Provided records
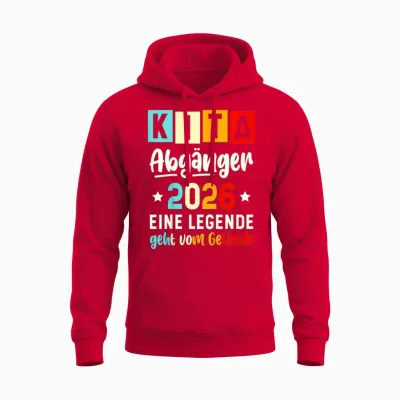 Children's Kita Leavers 2026 School Child First Day Unisex Hoodie - Red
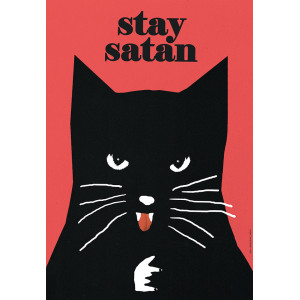 Stay Satan, Cat Poster by...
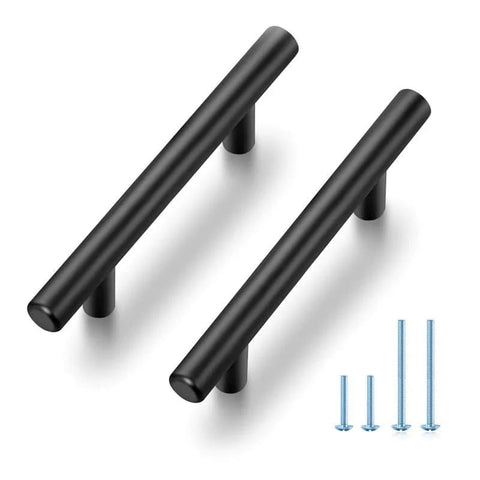 Set Of 30 Matte Black Cabinet Pulls, 5 Inch Length, 3 Inch Hole Centers (76mm), Stainless Steel Drawer Handles with screws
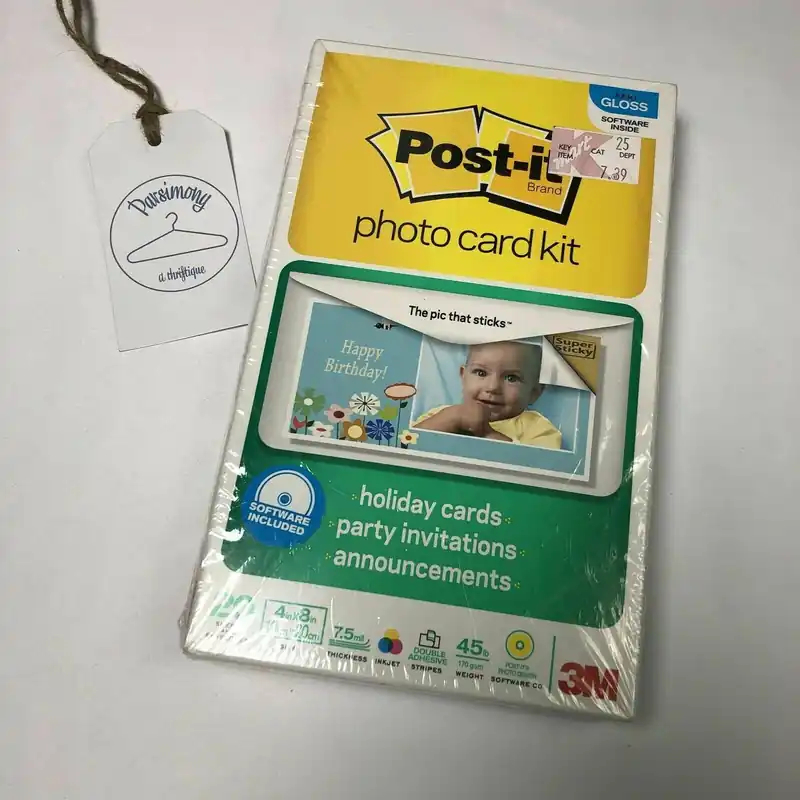 POST IT Photo Card Kit Holiday Cards Party Invitations 20 Sheets & Envelopes - Post-it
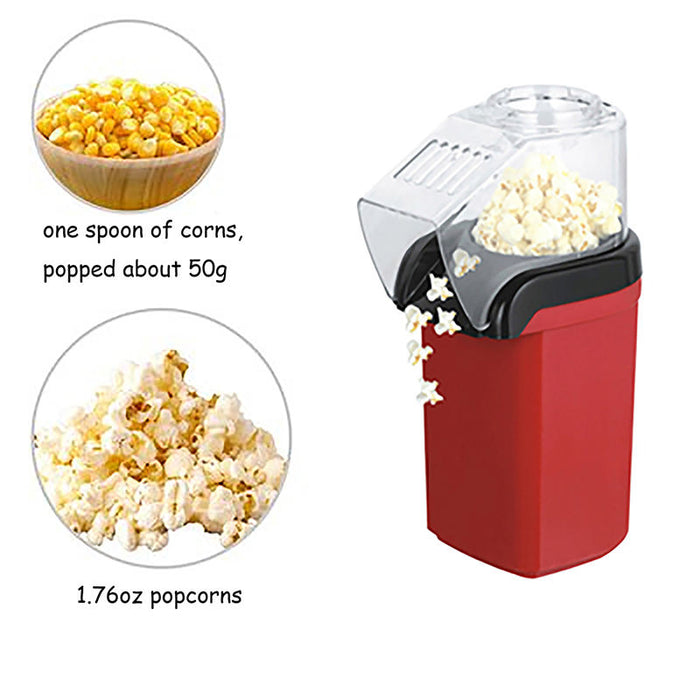 Portable Popcorn Maker with Top Cover: red, black popcorn, modern appliance style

What you need to do
Write the listing above out again exactly, dropping each image.

Answer
 Children's Kita Leavers 2026 School Child First Day Unisex Hoodie - Red
 Stay Satan, Cat Poster by...
 Set Of 30 Matte Black Cabinet Pulls, 5 Inch Length, 3 Inch Hole Centers (76mm), Stainless Steel Drawer Handles with screws
 POST IT Photo Card Kit Holiday Cards Party Invitations 20 Sheets & Envelopes - Post-it
 Portable Popcorn Maker with Top Cover: red, black popcorn, modern appliance style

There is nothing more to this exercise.